Reproduce, please, only the lines from the first line below to the line containing "Fun Fact I Dont", inclusive.

----- Data provided -----

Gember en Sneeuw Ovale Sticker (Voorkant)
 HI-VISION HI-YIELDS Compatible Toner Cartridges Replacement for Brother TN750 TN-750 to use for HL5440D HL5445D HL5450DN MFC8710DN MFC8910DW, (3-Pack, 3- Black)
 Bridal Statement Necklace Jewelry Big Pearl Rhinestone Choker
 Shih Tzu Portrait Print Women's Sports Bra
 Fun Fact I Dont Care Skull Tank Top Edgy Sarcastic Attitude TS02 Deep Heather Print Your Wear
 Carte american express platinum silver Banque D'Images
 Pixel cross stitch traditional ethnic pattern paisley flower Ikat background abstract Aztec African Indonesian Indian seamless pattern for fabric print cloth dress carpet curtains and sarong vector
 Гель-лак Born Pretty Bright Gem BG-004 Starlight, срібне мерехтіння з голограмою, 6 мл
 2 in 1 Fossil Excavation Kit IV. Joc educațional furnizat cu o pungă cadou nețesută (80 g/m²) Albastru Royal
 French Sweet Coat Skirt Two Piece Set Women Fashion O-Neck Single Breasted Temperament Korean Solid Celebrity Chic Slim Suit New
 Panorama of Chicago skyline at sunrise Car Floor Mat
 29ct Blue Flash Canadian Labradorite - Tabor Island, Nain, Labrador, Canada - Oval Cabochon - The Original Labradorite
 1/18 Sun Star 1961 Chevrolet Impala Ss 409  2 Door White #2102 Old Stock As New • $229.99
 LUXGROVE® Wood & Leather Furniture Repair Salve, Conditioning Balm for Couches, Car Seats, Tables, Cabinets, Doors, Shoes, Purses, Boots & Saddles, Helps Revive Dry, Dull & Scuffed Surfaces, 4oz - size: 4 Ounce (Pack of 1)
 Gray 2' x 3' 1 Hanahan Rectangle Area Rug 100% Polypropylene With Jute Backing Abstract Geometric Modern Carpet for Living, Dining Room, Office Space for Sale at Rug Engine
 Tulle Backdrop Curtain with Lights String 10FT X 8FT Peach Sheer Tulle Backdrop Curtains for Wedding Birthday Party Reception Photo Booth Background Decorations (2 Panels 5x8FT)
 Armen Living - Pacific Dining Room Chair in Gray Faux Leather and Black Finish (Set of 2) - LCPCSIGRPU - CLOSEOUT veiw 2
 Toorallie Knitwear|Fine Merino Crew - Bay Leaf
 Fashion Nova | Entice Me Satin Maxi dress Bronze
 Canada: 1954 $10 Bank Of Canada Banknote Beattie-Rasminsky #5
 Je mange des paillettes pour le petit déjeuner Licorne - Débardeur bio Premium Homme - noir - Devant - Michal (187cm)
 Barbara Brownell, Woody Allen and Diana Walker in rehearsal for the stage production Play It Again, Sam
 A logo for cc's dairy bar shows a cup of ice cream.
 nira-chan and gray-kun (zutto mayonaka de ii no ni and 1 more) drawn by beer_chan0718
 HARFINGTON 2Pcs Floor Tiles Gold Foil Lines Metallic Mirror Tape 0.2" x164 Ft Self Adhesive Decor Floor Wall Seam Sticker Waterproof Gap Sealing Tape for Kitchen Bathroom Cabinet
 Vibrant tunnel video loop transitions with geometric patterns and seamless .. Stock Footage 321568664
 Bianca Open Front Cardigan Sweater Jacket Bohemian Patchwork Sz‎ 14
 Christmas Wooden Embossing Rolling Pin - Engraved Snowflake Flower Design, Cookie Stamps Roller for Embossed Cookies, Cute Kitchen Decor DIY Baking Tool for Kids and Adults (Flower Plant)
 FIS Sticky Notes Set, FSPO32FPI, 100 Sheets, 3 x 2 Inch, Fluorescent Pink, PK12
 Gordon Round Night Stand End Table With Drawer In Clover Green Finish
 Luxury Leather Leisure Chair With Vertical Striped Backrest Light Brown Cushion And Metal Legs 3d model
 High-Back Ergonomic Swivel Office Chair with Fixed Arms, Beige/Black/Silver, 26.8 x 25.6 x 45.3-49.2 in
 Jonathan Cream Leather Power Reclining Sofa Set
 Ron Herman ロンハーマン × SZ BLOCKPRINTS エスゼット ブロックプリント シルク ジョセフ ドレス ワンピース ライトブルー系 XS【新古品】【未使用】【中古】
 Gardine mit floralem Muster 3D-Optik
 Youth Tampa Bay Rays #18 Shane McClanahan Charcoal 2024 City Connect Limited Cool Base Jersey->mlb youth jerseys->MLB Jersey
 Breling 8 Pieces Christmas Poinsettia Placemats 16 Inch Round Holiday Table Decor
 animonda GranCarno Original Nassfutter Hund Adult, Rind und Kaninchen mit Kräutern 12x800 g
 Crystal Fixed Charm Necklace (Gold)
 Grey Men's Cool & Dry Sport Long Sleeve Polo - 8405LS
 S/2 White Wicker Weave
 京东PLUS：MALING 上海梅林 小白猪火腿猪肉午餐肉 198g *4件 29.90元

-----

Answer area -
Gember en Sneeuw Ovale Sticker (Voorkant)
 HI-VISION HI-YIELDS Compatible Toner Cartridges Replacement for Brother TN750 TN-750 to use for HL5440D HL5445D HL5450DN MFC8710DN MFC8910DW, (3-Pack, 3- Black)
 Bridal Statement Necklace Jewelry Big Pearl Rhinestone Choker
 Shih Tzu Portrait Print Women's Sports Bra
 Fun Fact I Dont Care Skull Tank Top Edgy Sarcastic Attitude TS02 Deep Heather Print Your Wear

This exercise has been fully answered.